MySQL to Snowflake Fails Normalization (Doesn't build RAW table)

danieldiamond · October 24, 2022, 5:27am

Is this your first time deploying Airbyte?: No
OS Version / Instance: Ubuntu
Memory / Disk: 48gb
Deployment: Docker
Airbyte Version: 0.40.17
Source name/version: MySQL 1.0.6
Destination name/version: Snowflake 0.4.38
Step: Source sync fails (possibly due to timeout)

I created one connection with 4 tables and it fails.
I created 4 separate connections and 3 out of 4 pass and one fails.

FAILED: 6.29 GB20,834,086 emitted recordsno records21m 50s
SUCCEEDED: 3.81 GB10,427,393 emitted records10,427,393 committed records12m 29s
SUCCEEDED: 2.8 GB3,890,211 emitted records3,890,211 committed records6m 11s
SUCCEEDED: 38.47 GB50,160,338 emitted records50,160,338 committed records1h 6m 36s

It is weird that the middle one failed i.e. not the largest

danieldiamond · October 24, 2022, 5:34am

Logs

d39daee2_294b_4e75_8522_740f14df7112_logs_51001_txt.txt (255.6 KB)

danieldiamond · October 24, 2022, 5:41am

Has the normalization process been updated? Unless I’ve done something wrong - which I can’t imagine what as this is a brand new source connected and I’m using the most recent versions - there really needs to be much better regression testing going on.

danieldiamond · October 24, 2022, 1:17pm

From the logs it appears to be failing before normalisation. Is it possible that this is caused by a timeout of 120 seconds in the source configuration instead of the default 300 seconds?

marcosmarxm · October 24, 2022, 3:03pm

Hello there! You are receiving this message because none of your fellow community members has stepped in to respond to your topic post. (If you are a community member and you are reading this response, feel free to jump in if you have the answer!) As a result, the Community Assistance Team has been made aware of this topic and will be investigating and responding as quickly as possible.
Some important considerations that will help your to get your issue solved faster:

It is best to use our topic creation template; if you haven’t yet, we recommend posting a followup with the requested information. With that information the team will be able to more quickly search for similar issues with connectors and the platform and troubleshoot more quickly your specific question or problem.
Make sure to upload the complete log file; a common investigation roadblock is that sometimes the error for the issue happens well before the problem is surfaced to the user, and so having the tail of the log is less useful than having the whole log to scan through.
Be as descriptive and specific as possible; when investigating it is extremely valuable to know what steps were taken to encounter the issue, what version of connector / platform / Java / Python / docker / k8s was used, etc. The more context supplied, the quicker the investigation can start on your topic and the faster we can drive towards an answer.
We in the Community Assistance Team are glad you’ve made yourself part of our community, and we’ll do our best to answer your questions and resolve the problems as quickly as possible. Expect to hear from a specific team member as soon as possible.

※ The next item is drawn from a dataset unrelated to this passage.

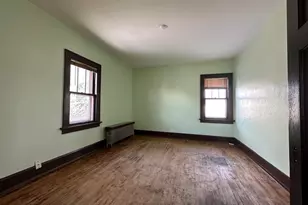 3826 E Cudahy Ave, Cudahy, WI 53110 - Photo 13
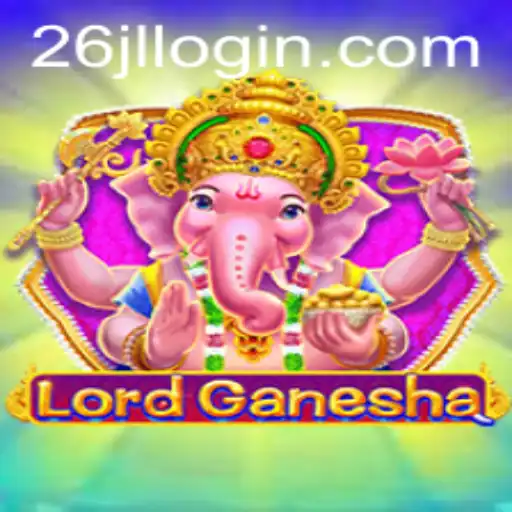 Discover the Mystical World of 'LordGanesha': A Fusion of Tradition and Adventure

Thank you for your time and attention.
Best,
The Community Assistance Team

natalyjazzviolin · October 24, 2022, 3:12pm

Hi!
I was looking through past threads and see that you’ve had a similar issue before:
https://discuss.airbyte.io/t/mysql-to-snowflake-cdc-sync-fails-race-condition-raw-table-not-found-but-still-being-written-to-snowflake/1426

Is this also a CDC sync?

I also found this article in the Snowflake knowledge base:
https://community.snowflake.com/s/article/Error-Procedure-does-not-exist-or-not-authorized-though-the-procedure-exists-in-the-schema

I’m looking more into this and getting input from the team, hope to have some ideas for you soon! Thanks for you patience

danieldiamond · October 24, 2022, 10:02pm

@natalyjazzviolin thank you so much for your prompt reply and for sharing that previous issue - I had completely forgotten about that one.

Re-reviewing the logs it appears there’s something wrong with the source. And yes it is CDC.

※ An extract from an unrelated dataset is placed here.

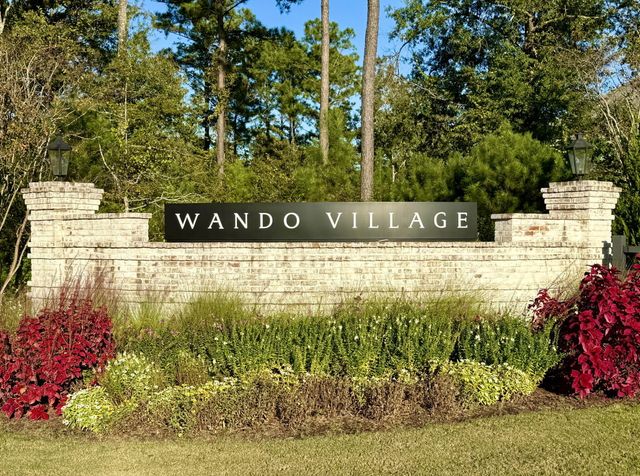 132 Low Tide Court, Charleston, SC 29492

I’m not sure how your snowflake community post relates to this issue as - from the logs - it appears to be an issue with the source.

danieldiamond · October 25, 2022, 8:33am

Updates: I just tried the connection with 1 table instead of 4 and it succeeded. So that is 3M records (2.8gb) instead of 85M records (50gb).
It appears that MySQL CDC is unstable for large syncs.

danieldiamond · October 25, 2022, 11:00am

@natalyjazzviolin actually, honestly thank you again for sharing that previous issue. This does seem to be a timeout issue with the source.

I broke the connector into separate connectors (one for each stream) and one still failed. It seems to hang until the timeout limit specified in the source configuration.

look at the time signatures

2022-10-25 10:48:36 source > Stopping the embedded engine
2022-10-25 10:48:36 source > Waiting for PT5M for connector to stop
2022-10-25 10:50:35 source > Oct 25, 2022 10:50:35 AM com.github.shyiko.mysql.binlog.BinaryLogClient$5 run
2022-10-25 10:50:35 source > INFO: Keepalive: Trying to restore lost connection to ...
2022-10-25 10:53:36 source > Stopping the task and engine
2022-10-25 10:53:36 source > Stopping down connector
2022-10-25 10:55:06 source > Coordinator didn't stop in the expected time, shutting down executor now
2022-10-25 10:56:36 source > Connection gracefully closed

danieldiamond · October 25, 2022, 11:00am

Related issue? Source Mysql: syncing timeout (fetch size may be ignored) · Issue #9784 · airbytehq/airbyte · GitHub

danieldiamond · October 25, 2022, 11:05am

I created one connection with 4 tables and it fails.
I created 4 separate connections and 3 out of 4 pass and one fails.

FAILED: 6.29 GB20,834,086 emitted recordsno records21m 50s
SUCCEEDED: 3.81 GB10,427,393 emitted records10,427,393 committed records12m 29s
SUCCEEDED: 2.8 GB3,890,211 emitted records3,890,211 committed records6m 11s
SUCCEEDED: 38.47 GB50,160,338 emitted records50,160,338 committed records1h 6m 36s

It is weird that the middle one failed i.e. not the largest

danieldiamond · October 25, 2022, 11:05am

I have tried extending the timeout on the source configuration but no luck (300, 600 and 900s)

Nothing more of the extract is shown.